In a similar set of experiments as when we weighted DNase-seq and total RNA-seq experiments, we next inspected the selections made as we varied λa and λb. As expected, we see that as we increase the regularization strength the selected experiments span fewer assays and biosamples, respectively (Fig. 4E–G). Interestingly, we observed that as the regularization strength increased from to the most chosen assay switched from measuring the histone modification H4K91ac to the binding of ETS1. This finding suggests that utility of a particular assay is dependent on the number of other experiments that can be performed to supplement it.

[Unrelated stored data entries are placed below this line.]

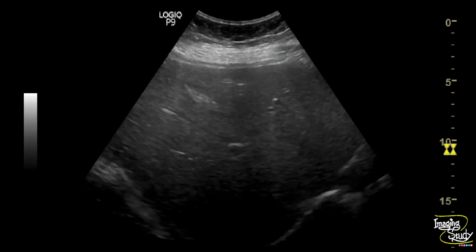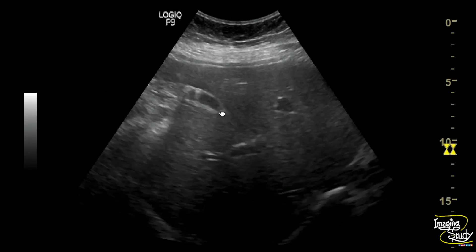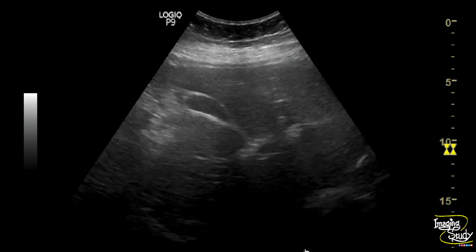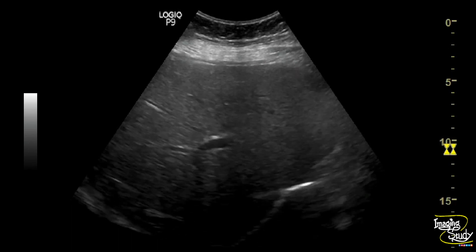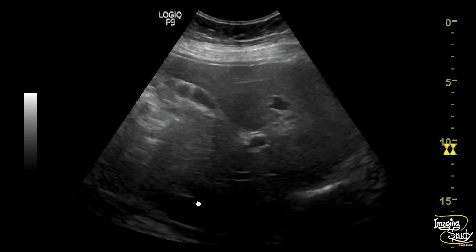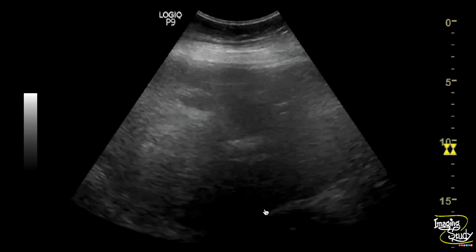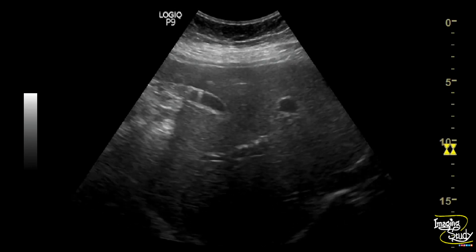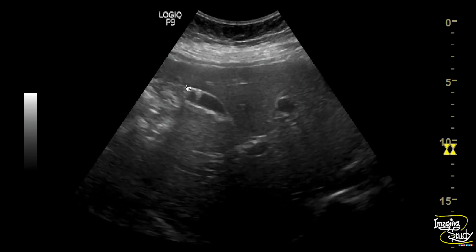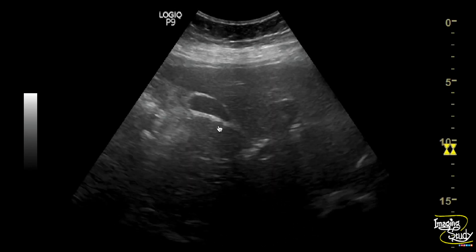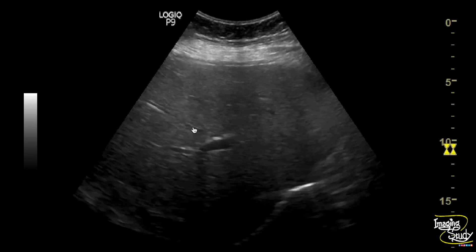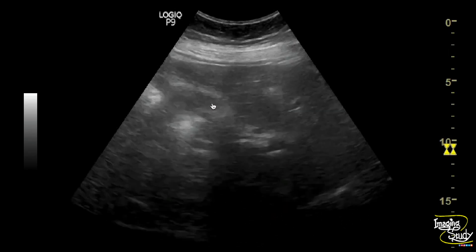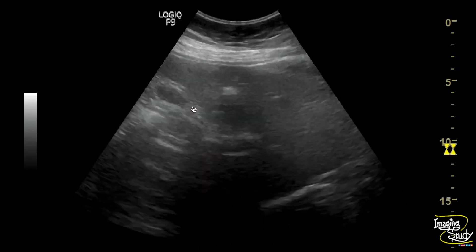Here you can see the part of liver and gallbladder. The overall hepatic parenchymal echogenicity is increased due to mild hepatic steatosis, and you can see the posterior sound attenuation due to this fat deposition. If you look at the gallbladder, it is contracted, possibly due to the postprandial state.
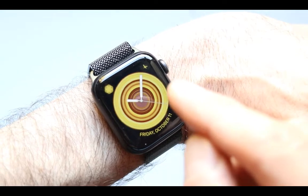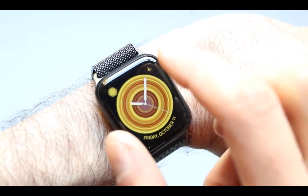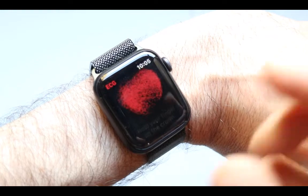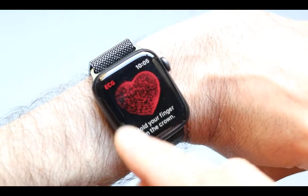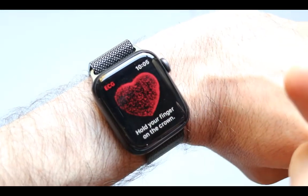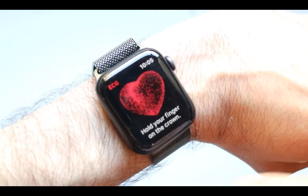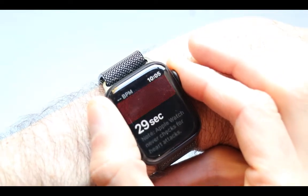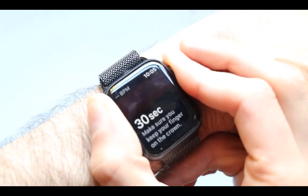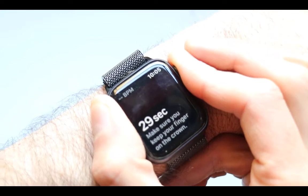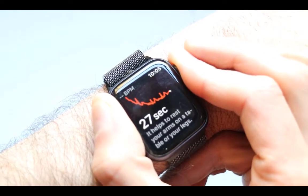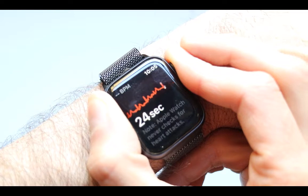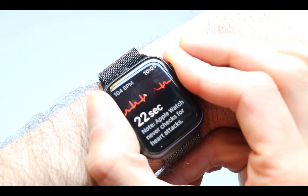Now if you want to get started and get this to work, all you have to do is press on it once right here and you'll see the heart icon come up. Then to get it working, press on the side of the watch and hold it for 30 seconds. Make sure it is stable and you are not moving.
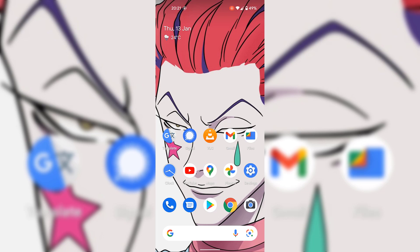That pretty much concludes the video on how to disable swipe left to access the Google app on your Android device's home screen. If you enjoyed this video be sure to give it a like, comment down below, and most importantly subscribe to support the channel. I'll see you on the next video.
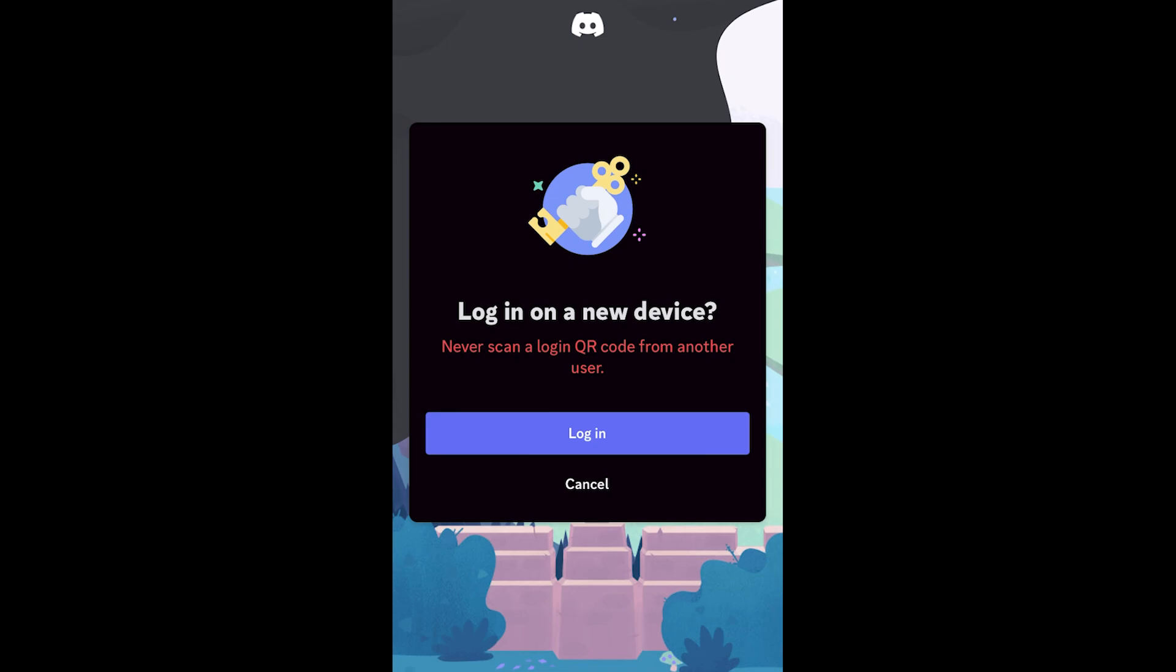You then have to hold this box over the QR code and from here it will say log in on a new device. If we're sure we want to log in to this device we can go ahead and click log in, and from there we'll now be logged in on our PC or whatever device you chose to log in on.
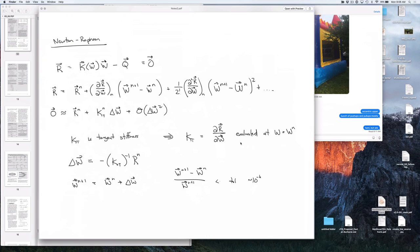If you remember from the notes from a few days ago, if you Taylor expand this residual — this is just your out-of-balance force — then you ignore the higher order terms, and you get an equation where an increment in W equals the solution of this equation. So the inverse of the tangent stiffness matrix — which is the derivative of the residual with respect to every degree of freedom — times the old value of the residual gives us a new increment for the width. Then we can just keep iterating like that.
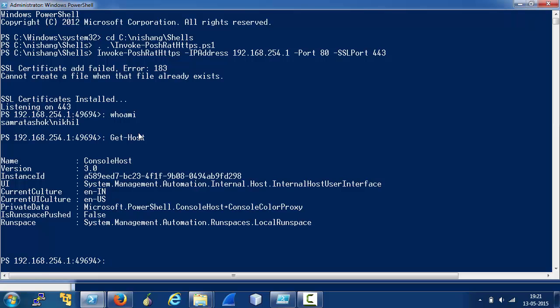We can literally move to other machines, pull system secrets. We can do a lot of stuff. You can check out other scripts in Nishang and other PowerShell security tools to see what you can do once you have a shell on a machine.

3.5 Calculating the coverage of each biosample and assay
Thus far, we have focused our efforts on prioritizing individual experiments but have provided little guidance for how to prioritize entire biosamples or assays. We next considered a scenario where an investigator is looking to either assay undercharacterized biosamples or to run underperformed assays, but is unsure which biosamples or assays to focus on. A simple approach would be to count the number of experiments that each biosample or assay is involved in and choose the ones with the fewest experiments. However, this approach does not account for the content of the performed experiments, which can be extremely similar in some cases. For example, in the ENCODE data several biosamples have been assayed extensively for transcription but not assayed at all for histone modifications or protein binding.
A final component of our methodology is the ability to quantify the extent to which each biosample has been characterized and each assay has been performed using the facility location objective function. Because the objective function takes in a set of experiments and returns a score corresponding to the diversity of the set, this function can be used to assess the diversity obtained by an existing set of experiments, corresponding to a single biosample or a single type of assay. In our setting, where similarity is measured via squared correlation, this score ranges from zero up to the total number of experiments that have been performed. Thus, for each biosample, the maximum value is 77 due to the 77 assays in the dataset, and for each assay, the maximum value is 400 due to the 400 biosamples in the dataset.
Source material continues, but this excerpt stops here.